# Knotenproblem



## hirnke (16. November 2011)

Habe mir eine ultra craft pro in 0,48 als schlagschnur geholt und möchte diese mit einer 0,25 fireline exceed verbinden. Habe die albright knoten (verbesserter, doppelter, usw), den jochenknoten, crystal knot, doppelten grinner, grinner und doppelte schlaufe getestet. Leider knallt die fireline unter relativ geringer belastung immer weg. Und zwar immer am knoten, als ob die ultra craft die fireline durchschneidet. Verbinde ich die fireline mit ner mono hält es bombenfest. 
Hat jemand dieses proplem schon einmal beobachten können und gibt es eine lösung?
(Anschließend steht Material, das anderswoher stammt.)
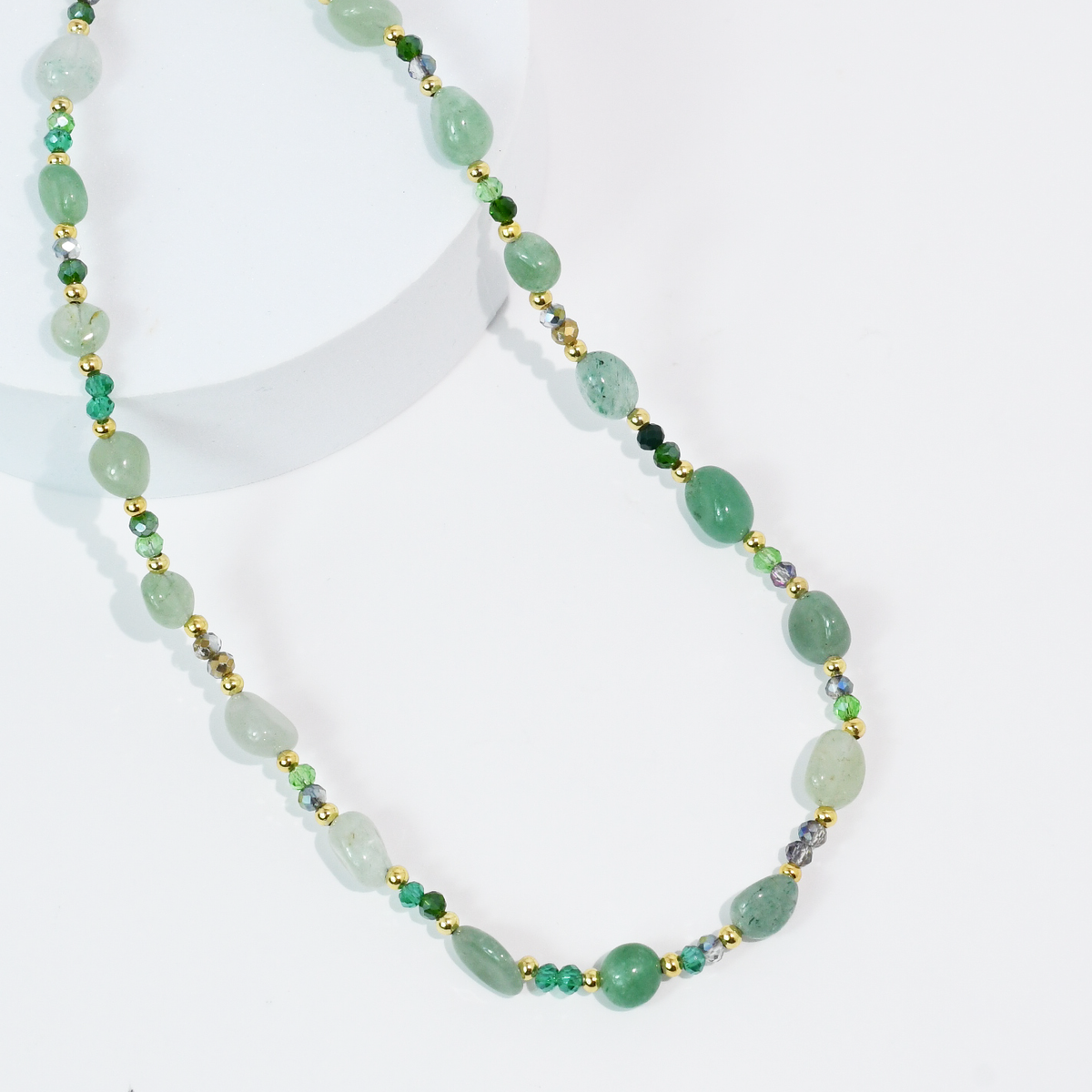 Beaded green gemstone-style necklace with oval beads and gold-tone bead spacers.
Übrigens macht die ultra craft pro einen feinen eindruck, sieht recht rund aus, ist geschmeidig und im gegensatz zu einer 50 mono sieht sie wirklich etwas dünner aus. 
hirnke


----------



## basslawine (16. November 2011)

*AW: Knotenproblem*

Hattest Du den schon probiert?

http://www.youtube.com/watch?v=KiO2VvXKkZY

sonst gibts noch die Möglichkeit die Haupschnur mit einem Bimini twist zu doppeln und anschließend den Schlagschnurknoten zu binden.
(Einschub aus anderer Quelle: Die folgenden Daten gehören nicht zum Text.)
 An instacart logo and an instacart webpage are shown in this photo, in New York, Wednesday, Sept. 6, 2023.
http://www.youtube.com/watch?v=tezh4McgNTA

Wie gut der Bimini Twist mit geflochtener funktioniert, weiss ich allerdings nicht!


Gruss Marco


----------



## hirnke (16. November 2011)

*AW: Knotenproblem*

Hi marco,
der erste von dir (youtube) ist ja der doppelte grinner, hält nicht so bombig.
Und die idee mit dem bimini ist nicht schlecht, aber das ist das selbe wie mit dem doppeltem albright. Der hält übrigens noch am besten, werde ihn morgen mal mit sekundenkleber vor dem festziehen betropfen und dann berichten.
Wäre ärgerlich wenn ich die beiden schnüre nich fest zusammen bekommen würde, würde gerne eine geflochtene schlagschnur verwenden um alles aus der beastmaster herauszuholen .
Hirnke


----------



## Rosi (16. November 2011)

*AW: Knotenproblem*



hirnke schrieb:


> Und zwar immer am knoten, als ob die ultra craft die fireline durchschneidet.
> hirnke



Moin, das ist bestimmt andersrum.


----------



## hirnke (17. November 2011)

*AW: Knotenproblem*



Kaulbarschspezi schrieb:


> Bzw. die Fireline schneidet sich selbst, z.B. wenn die Lagen nicht absolut parallel liegen. Der Jochenknoten (wer auch immer das sein soll), der eigentlich ein stinknormaler Schlagschnurknoten ist, sollte eigentlich - richtig gebunden - geeignet sein.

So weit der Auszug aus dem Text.